Stickle's brush with infamy came late in the game's first period, when Islanders winger Clark Gillies appeared to send a pass back over the blue line for teammate Butch Goring, who proceeded to advance into the offensive zone. The play looked to be offsides, and the Flyers defensemen reacted as such, but Stickle ruled a safe pass, and Goring's feed to a streaking Brian Sutter led to the Islanders scoring a relatively easy goal. Stickle would later admit that he blew the call, securing his place in Philadelphia immortality for the most undesired of reasons.

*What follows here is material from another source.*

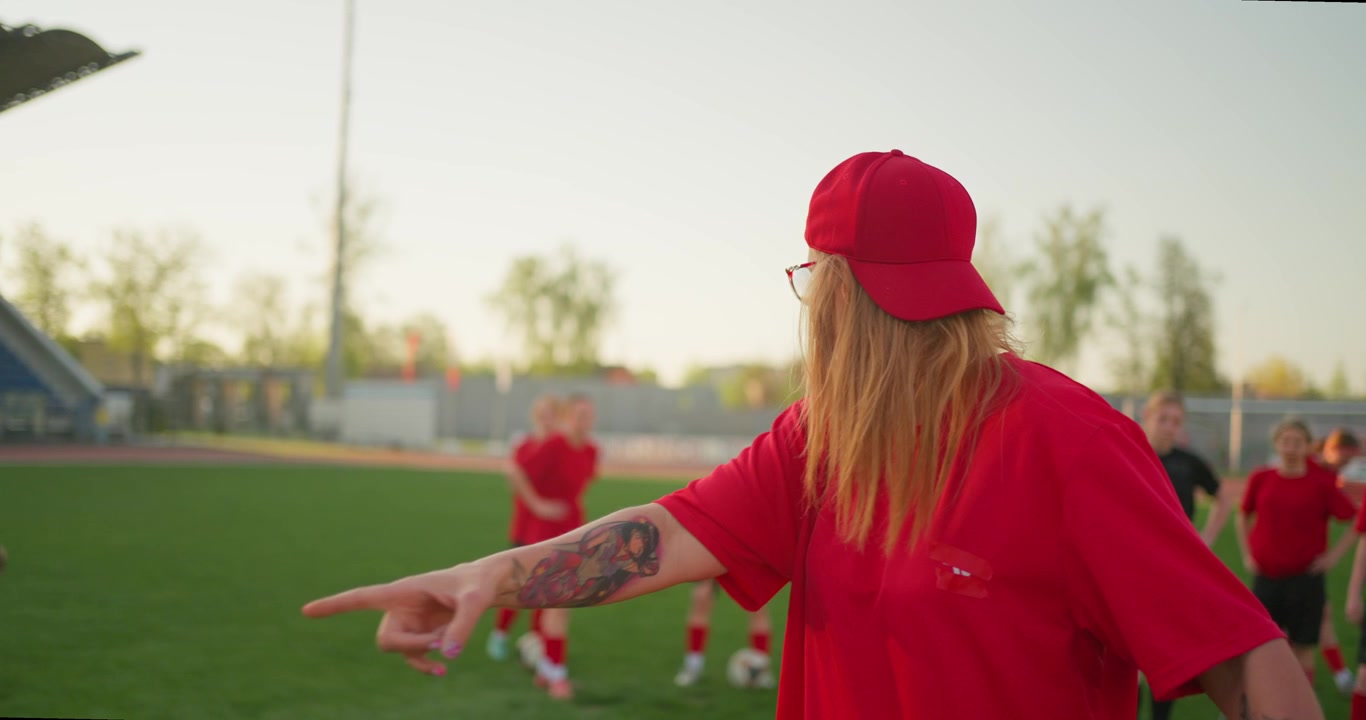Weibliche Fußballtrainerin instruiert ihr Team auf dem Spielfeld.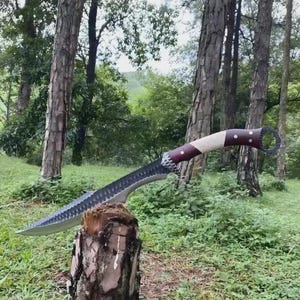Può includere: Un coltello a lama curva di grandi dimensioni con bordo seghettato e manico in legno. Il manico è una combinazione di legno chiaro e scuro con un anello all'estremità. Il coltello è esposto su un ceppo d'albero in un ambiente forestale.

Though it's true that the Flyers ended up losing the game, one thing should be said in Stickle's defense: The goal wasn't really as consequential as you might think. When you hear people rant about how a no-call cost the Flyers the game and the series, you figure it was Bob Nystrom's famous overtime goal that should have been nulled, or that at least it was the game-tier late in regulation. In actuality, Sutter's goal merely put the Islanders up 2-1 with two whole periods to go, in what would eventually end up a 5-4 game. Sure, that's still a one-goal differential, and who knows how things would have turned out with the violation called, but as far as all-time scapegoats go, this isn't really Buckner letting the ball through his legs in the bottom of the tenth.
Still, was the call definitely off-sides? Well, you judge for yourself. But yes. Yes it was.